- Opening Delimiter -

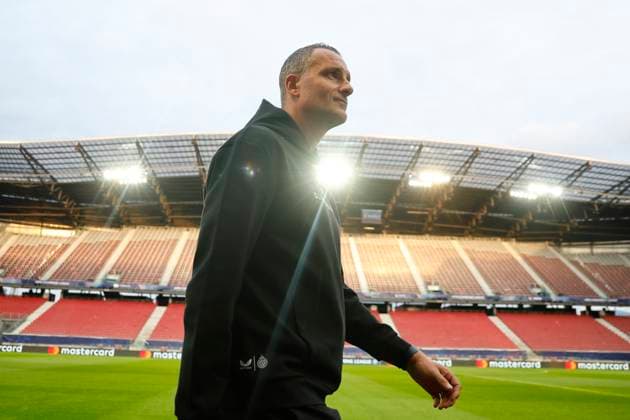 Sturm Graz v Club Brugge - UEFA Champions League - media activities KLAGENFURT, AUSTRIA - OCTOBER 01 : Hayen Nicky head coach of Club Brugge pictured during a training session prior to the UEFA Champions League match between and on October 1, 2024 in Klagenfurt, Austria, 01 10 2024 Klagenfurt Austria  Copyright: xJanxDexMeuleneirx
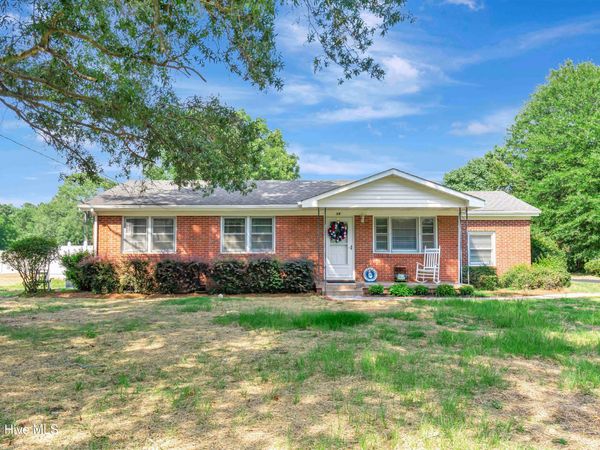 591 E Great Marsh Church Road , Saint Pauls, NC 28384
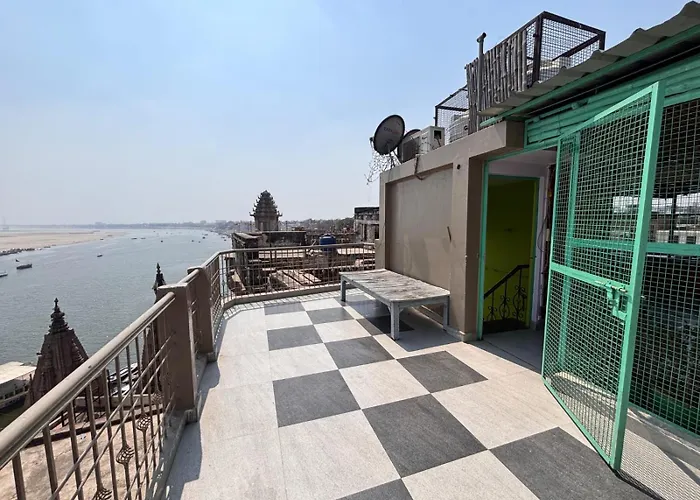 Bhadra Kali Guest House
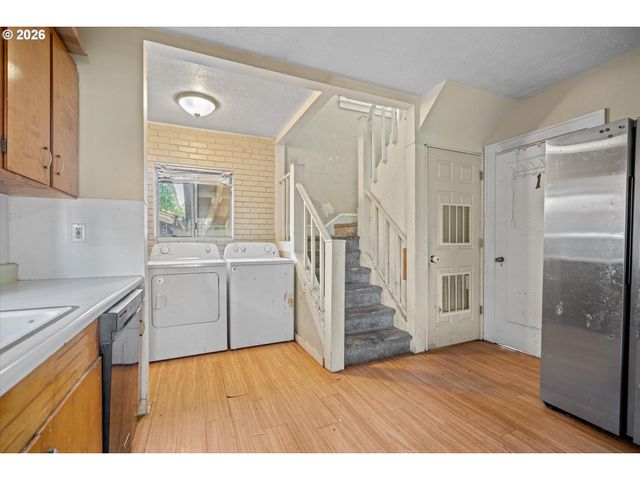 12020 Ne SAN RAFAEL St, Portland, OR 97220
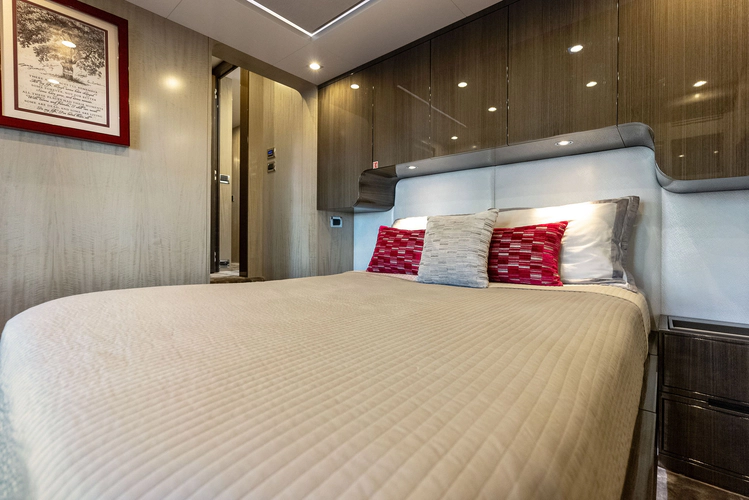 Satisfaction Yacht Photos Pics 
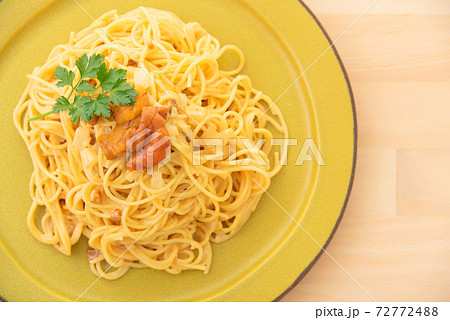 ウニのクリームパスタ 72772488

- Closing Delimiter -

TASK TO CARRY OUT
Please give back exactly the lines from the first line of the records above through the line containing "Bhadra Kali Guest House", only those and both included, with the pictures removed.

RESPONSE TO THIS TASK
 Sturm Graz v Club Brugge - UEFA Champions League - media activities KLAGENFURT, AUSTRIA - OCTOBER 01 : Hayen Nicky head coach of Club Brugge pictured during a training session prior to the UEFA Champions League match between and on October 1, 2024 in Klagenfurt, Austria, 01 10 2024 Klagenfurt Austria  Copyright: xJanxDexMeuleneirx
 591 E Great Marsh Church Road , Saint Pauls, NC 28384
 Bhadra Kali Guest House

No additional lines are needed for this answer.